A blog devoted to exploring wines made from unusual grape varieties and/or grown in unfamiliar regions all over the world. All wines are purchased by me from shops in the Boston metro area or directly from wineries that I have visited. If a reviewed bottle is a free sample, that fact is acknowledged prior to the bottle's review. I do not receive any compensation from any of the wineries, wine shops or companies that I mention on the blog.

Tuesday, November 1, 2011

Marzemino - Garda, Lombardy, Italy

Let's go ahead and get this out of the way: yes, Marzemino was mentioned in Mozart's opera Don Giovanni.  Just before being sent to Hell, Don Giovanni says, "Versa il vino!
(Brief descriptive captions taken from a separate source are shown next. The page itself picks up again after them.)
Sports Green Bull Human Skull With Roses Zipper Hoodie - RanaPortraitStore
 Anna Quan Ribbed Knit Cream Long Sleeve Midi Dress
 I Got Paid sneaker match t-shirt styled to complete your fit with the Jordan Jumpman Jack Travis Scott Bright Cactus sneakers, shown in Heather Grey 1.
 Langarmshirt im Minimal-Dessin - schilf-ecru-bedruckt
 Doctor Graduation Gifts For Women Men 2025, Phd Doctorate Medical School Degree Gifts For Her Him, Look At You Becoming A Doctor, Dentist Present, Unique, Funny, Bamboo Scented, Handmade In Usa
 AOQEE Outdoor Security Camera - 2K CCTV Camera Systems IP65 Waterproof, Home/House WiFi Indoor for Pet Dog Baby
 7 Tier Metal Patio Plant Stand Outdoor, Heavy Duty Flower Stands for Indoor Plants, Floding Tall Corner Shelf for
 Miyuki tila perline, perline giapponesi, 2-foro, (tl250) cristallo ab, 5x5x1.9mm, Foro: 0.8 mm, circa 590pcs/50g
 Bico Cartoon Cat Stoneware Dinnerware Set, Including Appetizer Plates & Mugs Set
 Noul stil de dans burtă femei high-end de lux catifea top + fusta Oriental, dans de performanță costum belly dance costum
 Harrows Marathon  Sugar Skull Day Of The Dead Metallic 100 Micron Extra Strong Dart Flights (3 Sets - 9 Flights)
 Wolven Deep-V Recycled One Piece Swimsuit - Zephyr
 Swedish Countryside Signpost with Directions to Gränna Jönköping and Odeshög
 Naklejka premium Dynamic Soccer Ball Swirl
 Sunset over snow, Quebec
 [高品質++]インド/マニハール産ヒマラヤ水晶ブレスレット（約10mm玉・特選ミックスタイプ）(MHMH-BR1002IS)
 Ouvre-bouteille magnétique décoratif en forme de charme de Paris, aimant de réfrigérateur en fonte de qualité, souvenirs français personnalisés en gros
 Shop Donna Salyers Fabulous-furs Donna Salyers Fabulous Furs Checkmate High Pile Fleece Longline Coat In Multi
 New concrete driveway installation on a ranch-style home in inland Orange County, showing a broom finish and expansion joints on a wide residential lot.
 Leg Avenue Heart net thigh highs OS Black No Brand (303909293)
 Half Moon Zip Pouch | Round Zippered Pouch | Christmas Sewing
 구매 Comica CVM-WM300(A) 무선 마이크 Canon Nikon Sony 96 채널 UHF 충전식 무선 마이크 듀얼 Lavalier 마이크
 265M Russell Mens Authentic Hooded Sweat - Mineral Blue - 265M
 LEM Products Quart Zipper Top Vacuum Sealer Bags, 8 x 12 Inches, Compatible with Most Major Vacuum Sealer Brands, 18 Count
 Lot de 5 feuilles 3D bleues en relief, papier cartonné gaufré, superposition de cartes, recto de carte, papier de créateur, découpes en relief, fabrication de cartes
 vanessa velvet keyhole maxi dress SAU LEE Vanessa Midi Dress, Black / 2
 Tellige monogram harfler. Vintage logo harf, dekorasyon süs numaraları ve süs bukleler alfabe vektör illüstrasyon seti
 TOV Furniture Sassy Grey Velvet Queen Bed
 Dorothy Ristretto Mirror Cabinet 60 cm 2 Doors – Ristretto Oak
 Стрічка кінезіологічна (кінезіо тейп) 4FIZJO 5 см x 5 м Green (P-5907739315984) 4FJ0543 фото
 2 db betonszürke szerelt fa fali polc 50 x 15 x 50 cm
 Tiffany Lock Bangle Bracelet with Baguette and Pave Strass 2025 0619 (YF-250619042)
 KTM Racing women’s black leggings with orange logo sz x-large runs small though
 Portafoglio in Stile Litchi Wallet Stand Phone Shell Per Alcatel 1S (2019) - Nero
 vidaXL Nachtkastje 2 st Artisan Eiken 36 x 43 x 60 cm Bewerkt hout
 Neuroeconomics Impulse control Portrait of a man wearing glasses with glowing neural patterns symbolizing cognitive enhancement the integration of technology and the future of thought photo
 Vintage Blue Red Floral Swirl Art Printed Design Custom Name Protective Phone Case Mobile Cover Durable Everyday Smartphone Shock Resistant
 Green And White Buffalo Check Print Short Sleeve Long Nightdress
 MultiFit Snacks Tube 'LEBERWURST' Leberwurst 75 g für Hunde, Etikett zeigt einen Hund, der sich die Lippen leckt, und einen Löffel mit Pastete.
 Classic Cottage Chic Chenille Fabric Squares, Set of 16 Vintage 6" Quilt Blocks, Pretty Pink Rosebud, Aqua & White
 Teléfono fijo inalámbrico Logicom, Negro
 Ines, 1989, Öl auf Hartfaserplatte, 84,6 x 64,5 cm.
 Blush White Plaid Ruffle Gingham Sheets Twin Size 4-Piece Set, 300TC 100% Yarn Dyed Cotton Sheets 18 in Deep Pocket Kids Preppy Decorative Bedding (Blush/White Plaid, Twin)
Eccellente Marzemino!"  Which means something like, "Pour the wine!  Excellent Marzemino!"  Every single source that has anything to say about the grape relates that little vignette (including the blurb on the back of today's bottle), so in that grand tradition, there you go.  You have to wonder about a wine who's major claim to fame is a throwaway line in a 300 year old opera.  Marzemino is certainly not held in that kind of esteem these days, as the most enthusiasm that The Oxford Companion to Wine can muster is to call the grape "interesting," while Nicolas Belfrage (in his Barolo to Valpolicella), in a colossal feat of back-handed complimenting, says "there is no producer today, as far as I am aware, whose wine may be described as 'eccellente,' but then even a hamburger might be delicious if your next stop is Hell."  I happen to think that hamburgers are delicious in all sorts of circumstances, so I was very curious to check out Marzemino for myself.

Marzemino is a fairly old grape, known in northeastern Italy since at least the 16th Century.  It is thought to be native to this area, but solid evidence was lacking until recently (there's an alternate theory that it may originally be from around the Marzemin village in Austria, but I can't find any corroboration for that).  DNA testing has shown that Marzemino has a parent-offspring relationship with both Teroldego and Refosco dal Pedunculo Rosso, both of which are indigenous to northeastern Italy.  It is also a full sibling of Lagrein, meaning that both grapes share the same set of parents.  In my Refosco post, I was confused about the exact nature of the Marzemino-Refosco relationship, but a family tree on this page was most helpful in sorting that out.  What's going on is that Teroldego and an unidentified grape are the parents of both Marzemino and Lagrein, while Marzemino and another unidentified grape are the parents of Refosco.

Marzemino can be a high yielding vine, which may explain why it is still around despite its many problems in the vineyard.  It ripens late, which can be an issue in the some of the cooler areas of northeastern Italy (and which may explain the high occurrence of grassy and herbaceous notes that litter many descriptions of wines made from the grape).  It is also highly susceptible to a large number of fungal diseases which can make it a challenge to grow in wetter regions.  Yield control and proper planting are needed to produce quality wines from the grape since, as mentioned above, it can yield very large crops and suffers badly if planted at very high densities.  All of this adds up to a very high maintenance vine for quality production.

As Mozart's mention of the grape indicates, there was a time when Marzemino was rather in fashion.  It was a big deal in Austria for awhile, and still enjoys a certain popularity there to this day, but on the whole, Marzemino's star has fallen in more recent centuries and the grape has become more of a local phenomenon than an international player.  These days, most Marzemino is grown in the Trentino region of Italy, though there are also plantings in Lombardia, Friulia and the Veneto.  There may well be plantings in other countries, but you'd be hard pressed to find a varietal Marzemino outside of northern Italy.

I was able to pick up a bottle of the 2009 Costaripa "Mazane"  Marzemino for about $20 from my friends at Curtis Liquors.  The wine is from the Garda DOC (named for Lake Garda) which straddles both the Veneto and Lombardia, but this estate is located in Brescia, which I believe is on the Lombardy side of the border.  All the grapes for this wine come from a single vineyard on the hillsides bordering Lake Garda.  The yields are kept low and the wine sees very little oak with most of it fermented and matured in stainless steel.  In the glass, the wine had a medium ruby color.  The nose was medium intensity with red cherry, strawberry and stewed raspberry fruit aromas.  On the palate the wine was medium bodied with fairly high acidity and medium tannins.  There were flavors of sour cherry and wild strawberry fruit with a touch of leather and a little funk on the finish.  If someone asked you to describe a typical Italian food wine, you'd probably come up with something that very closely resembled this. The fruit flavors here are straightforward without being Kool-Aid simple and there's just enough tannic grip and acidic bite to complement a wide variety of foods, but especially tomato sauce based foods.  You can drink this on its own, but you'll get so much more out of it with something on your plate.  It's definitely not the kind of bottle that I'd reach for before being sent to my ultimate demise, but it's nice and is especially worth checking out for Chianti fans.